Signore e signori, ecco a voi un altro episodio della serie "Ma come si può credere alla segnaletica italiana?". Stavolta è una storia più avvincente del solito, perché ambientata in un contesto "insospettabile": l'autostrada. Che, non fosse'altro che per il pedaggio, è ben più curata della viabilità ordinaria e quindi ci attendiamo sempre il massimo. E invece…
E invece eccoci sulla A16 Napoli-Canosa, nel tratto appenninico. Un tratto tempestato di poco credibili limiti di velocità a 80 all'ora, alcuni "congeniti" (curve strettine, pendenze, viadotti senza corsia di emergenza, gallerie non proprio all'ultimo grido) e altri aggiunti nei mesi freddi (da quando Autostrade per l'Italia lascia aperti alcuni by-pass nel guard-rail per velocizzare al massimo i movimenti degli spazzaneve e "per policy" – mi adatto all'aziendalese imperante – ci mette un bel limite a 80 per schivare conseguenze legali in caso di invasione di carreggiata opposta favorita dal "buco" nella barriera).

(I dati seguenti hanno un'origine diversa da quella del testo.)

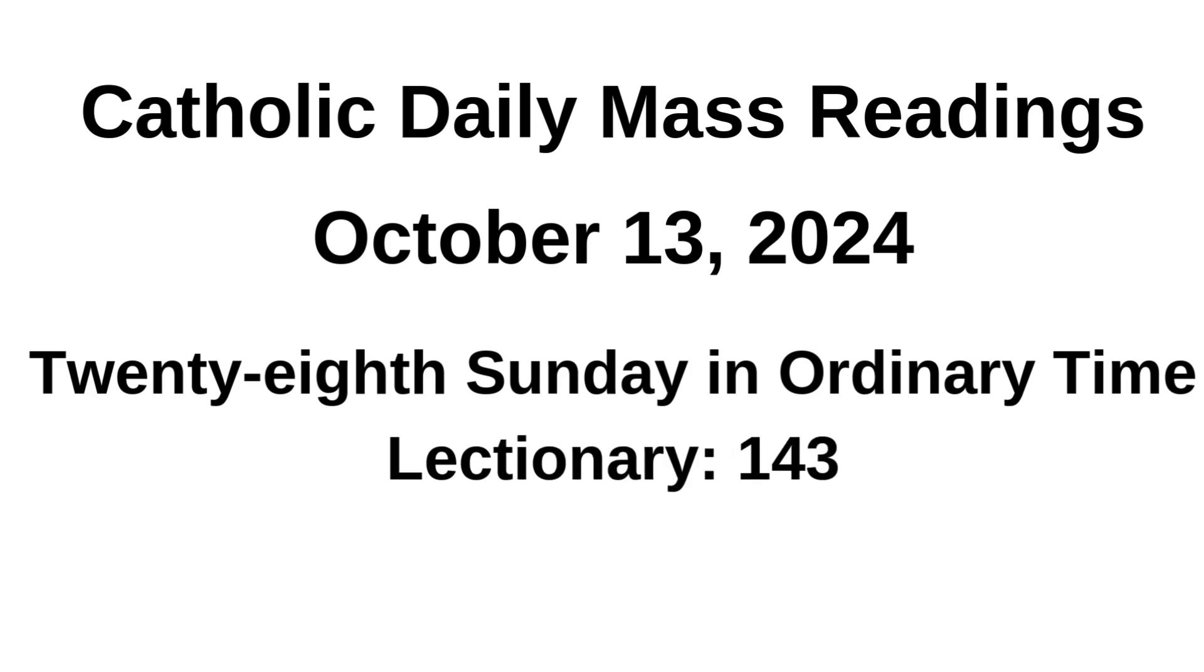Catholic Daily Mass Readings October 13th, 2024.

Se sommiamo pure i numerosi cantieri (stanno rifacendo i guard-rail anche qui, finalmente), otteniamo una babele di limiti di velocità. Nella quale si sono persi pure coloro che quei limiti li hanno apposti.
Andiamo infatti ai chilometri 53 e 63: nemmeno il tempo di un sospiro di sollievo per il segnale di "fine 80 all'ora" e subito dopo un altro bel limite a 80. In un caso, non c'è nemmeno il tempo per accelerare; nell'altro in teoria si può, ma si entra in galleria e subito dopo c'è la nuova limitazione.
Pare evidente che chi ha messo quei segnali non ha provato nemmeno a percorrere la strada rispettando le prescrizioni che egli stesso ha materialmente imposto. Distrazione? Può darsi. Ma c'è un'altra ipotesi: che siano arrivate disposizioni da qualcuno che non si è mosso dalla scrivania del suo ufficio e che chi invece era "sul campo" abbia eseguito burocraticamente.
Distrazione e burocrazia fanno male alla sicurezza. Non solo nel caso specifico, ma anche aggiungono l'ennesima mina alla credibilità della segnaletica.